La CDUL considère que la formation des futurs enseignants, enjeu national majeur, implique une responsabilité particulière des Universités, et donc de leurs composantes, UFR et IUFM. Une réforme de cette formation est incompatible avec la précipitation, les logiques de bricolage ou d’improvisation récurrente qui ont présidé aux projets de mastérisation en cours.

La CDUL constate que suite aux modifications et ajustements successifs, la réforme reste inapplicable : même les rares maquettes existantes ne sont plus en adéquation avec les nouvelles informations disponibles ; de nouvelles maquettes ne peuvent être conçues sur une base qui ne répond pas aux exigences d’une vraie formation des enseignants.

Dans ces conditions, la CDUL demande :

- que le projet actuel soit totalement retiré.
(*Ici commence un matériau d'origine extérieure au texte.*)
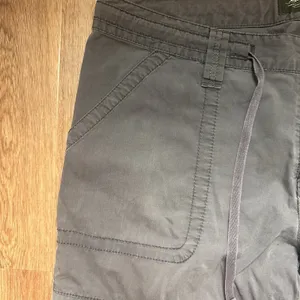 Eddie‎ Bauer Women's Convertible Cargo Hiking Pants Size 8 thumbnail 3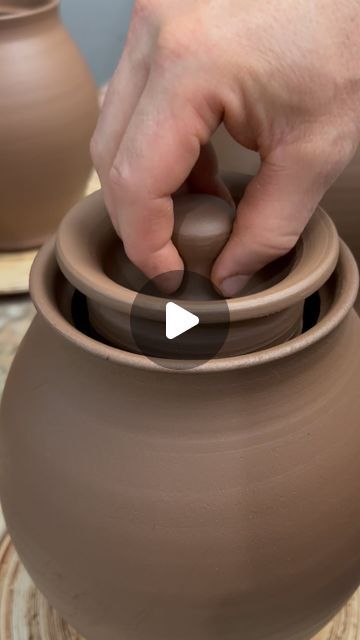 Pottery Container With Lid, How To Make A Lid Pottery, Pottery Lids How To, Closed Form Ceramics, Pottery Jars With Lids, Throwing Inspiration, Ceramic Lidded Jars, Pottery Lids, Functional Pottery Ideas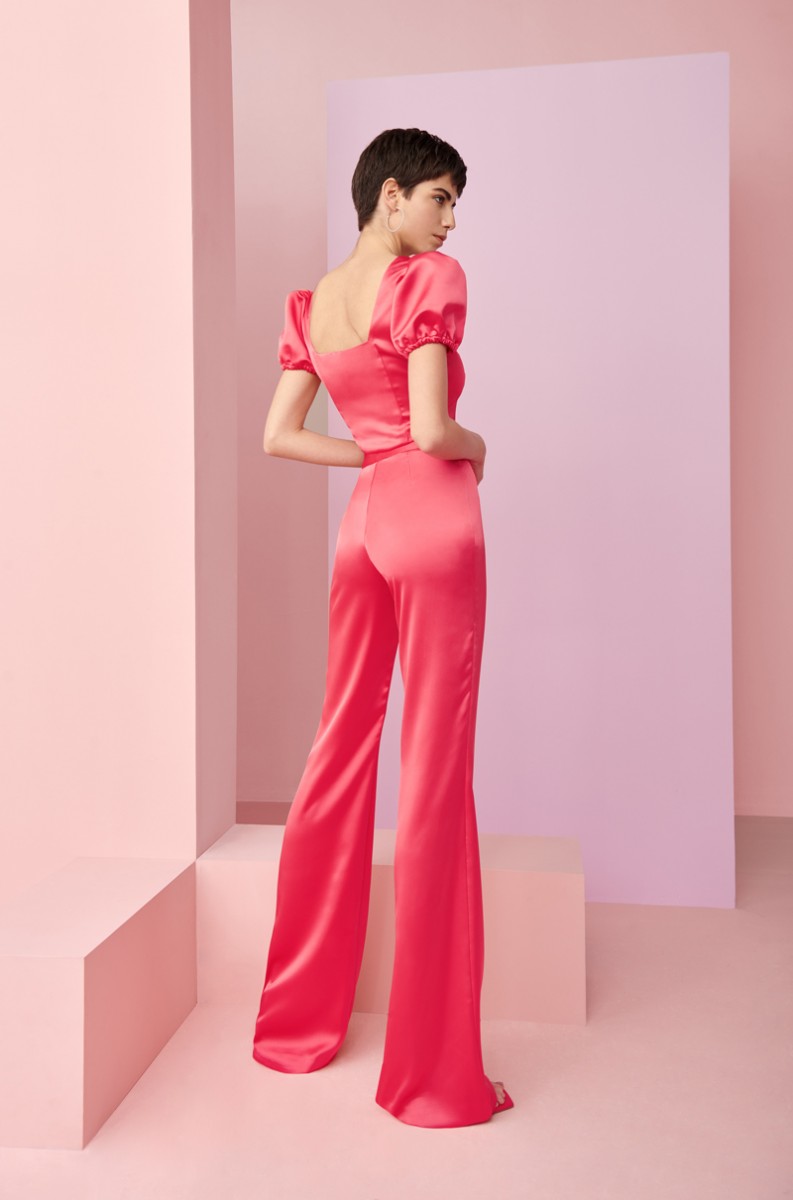 comprar conjunto de pantalon y top con botones joya en saten rojo fresa para invitadas a boda, bautizo, comunion, fiesta, graduacion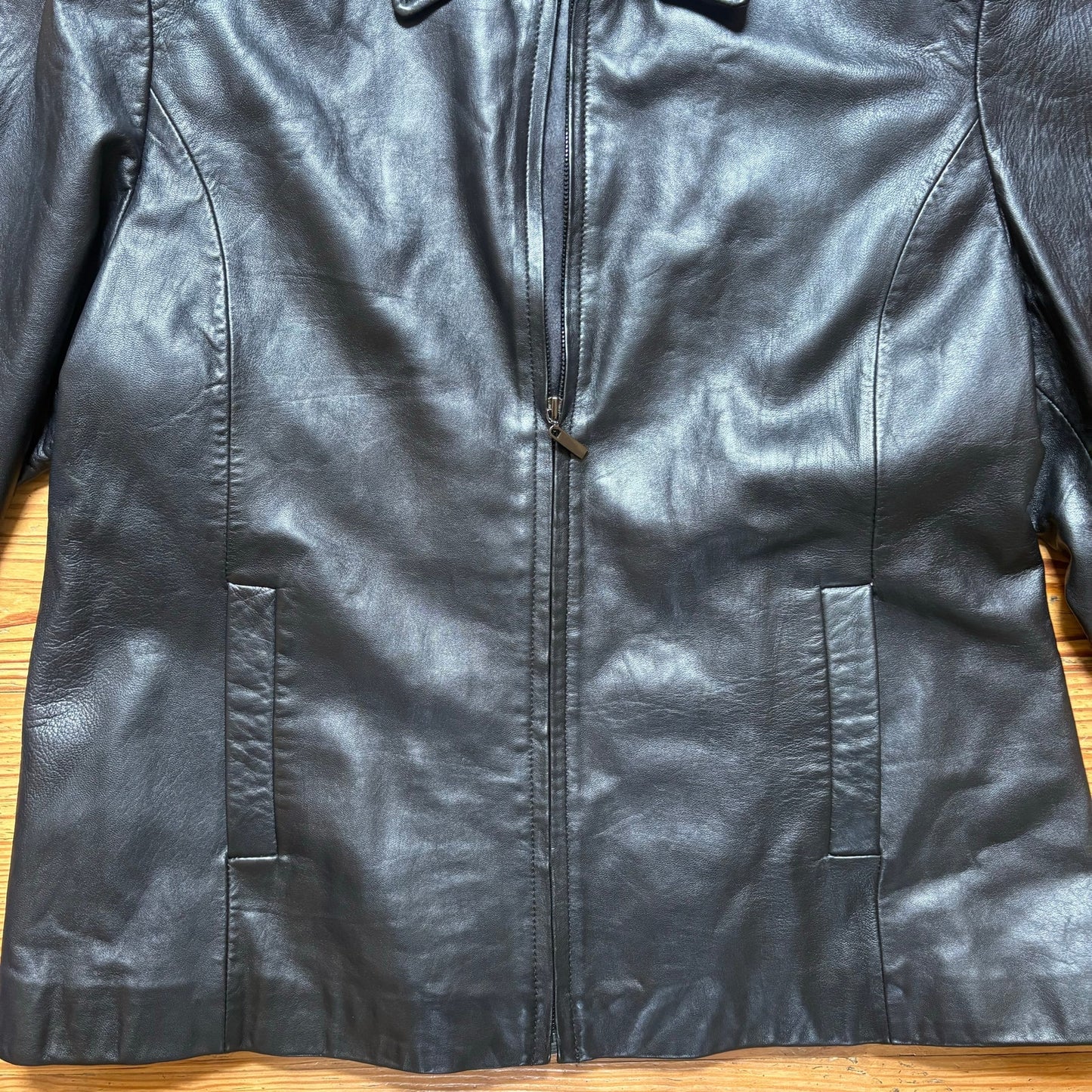 IZZI Collections black leather full zip collar bomber jacket SIZE L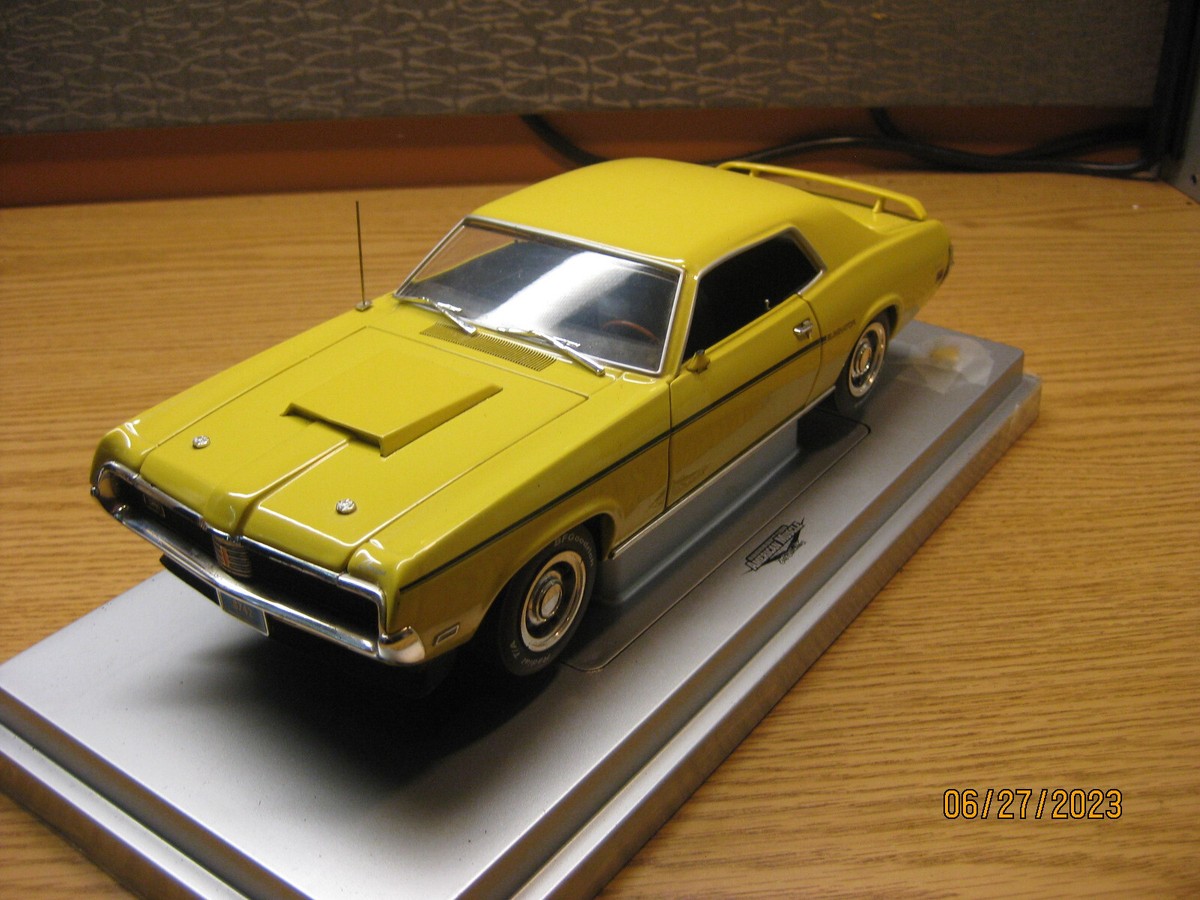 1/18 1969 MERCURY COUGAR ELIMINATOR IN YELLOW BY ERTL / AMER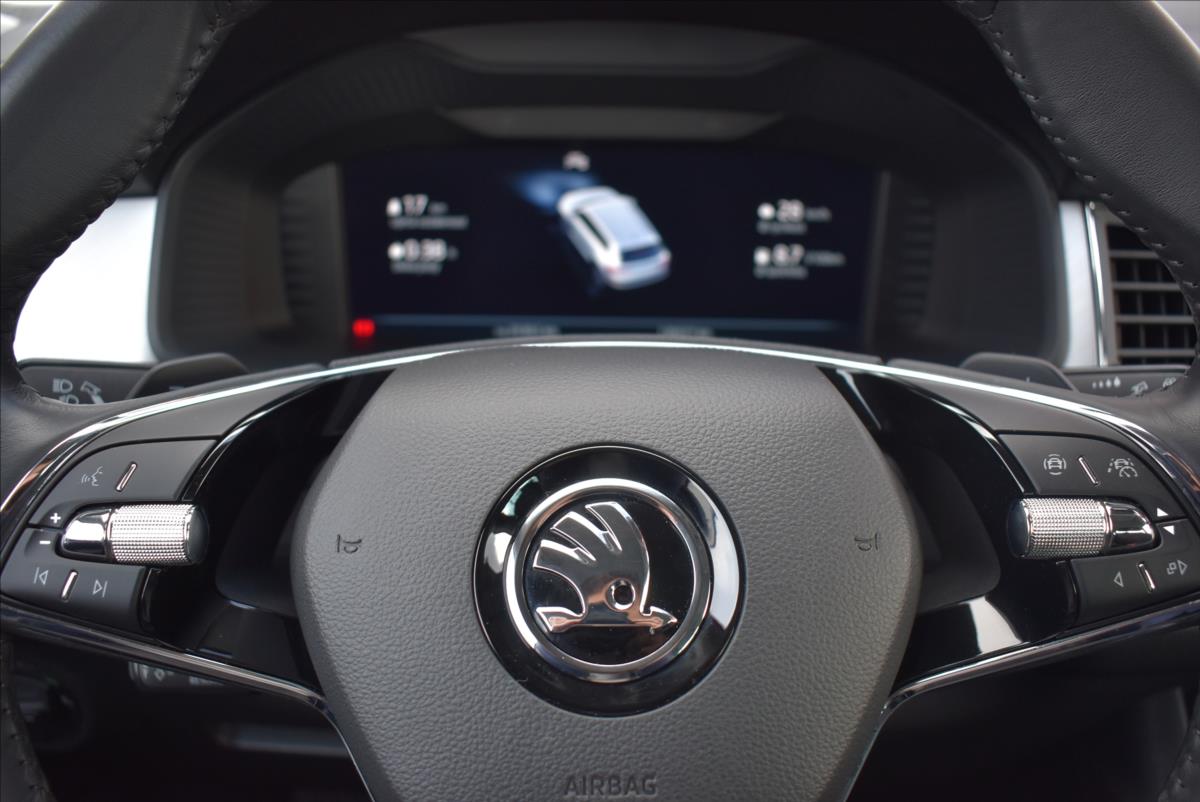 Škoda Kodiaq 2,0 TDi  DSG Ambition Virtual Kamera - 43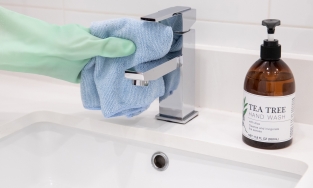 Cách làm sạch nội thất bằng kim loại mạ chrome nhanh chóng và hiệu quả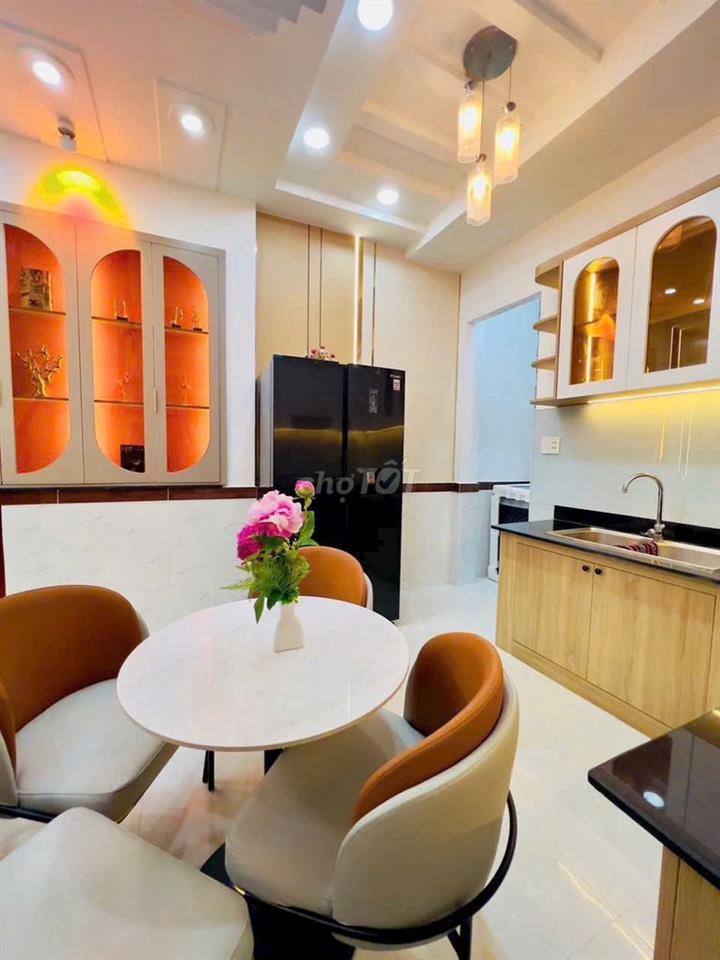 CHỦ CẦN BÁN GẤP  NHÀ QUANG TRUNG. 2PN, 2wc, giá sốc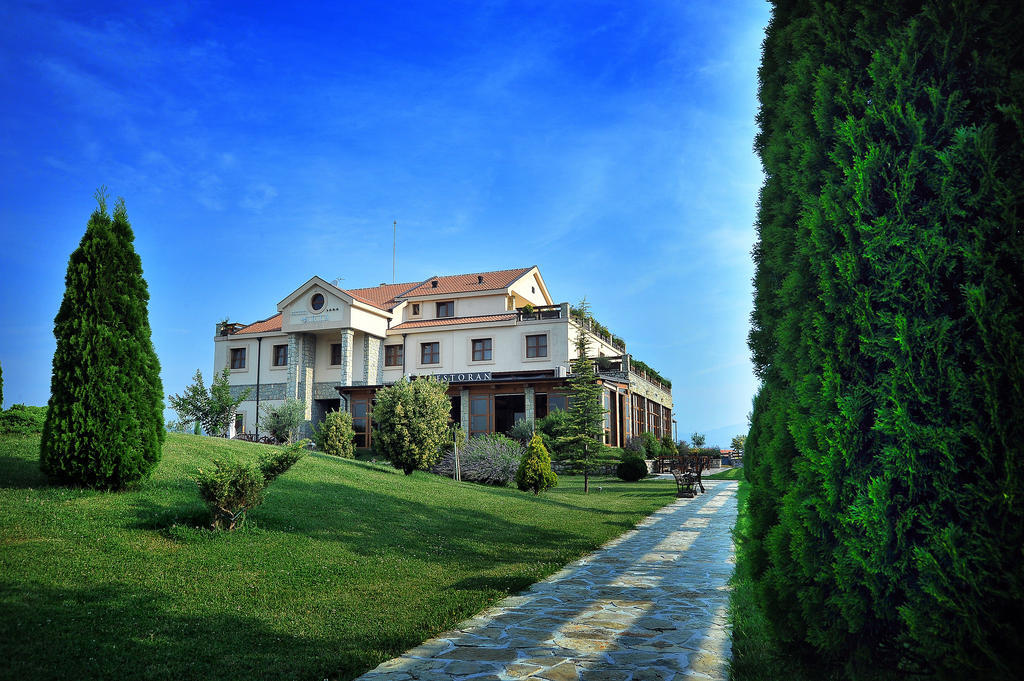 Mitrovici  Hotel Aria מראה חיצוני תמונה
- que la procédure de recrutement d’enseignants pour l’année 2010 soit la même que pour l’année 2009 : maintien des épreuves de concours et des préparations actuelles ; maintien des modalités d’entrée dans le métier et de recrutement sans conditions d’inscription ou de validation au niveau Master 1 ou 2 ; maintien du statut de professeur stagiaire en formation à l’issue du concours pour tous les nouveaux enseignants.

- qu’une réflexion nationale, sous la forme d’États-Généraux associant tous les acteurs, soit engagée sans tarder sur la mastérisation de la formation des enseignants, comme formation authentiquement universitaire, dans ses aspects disciplinaires, professionnels et de recherche.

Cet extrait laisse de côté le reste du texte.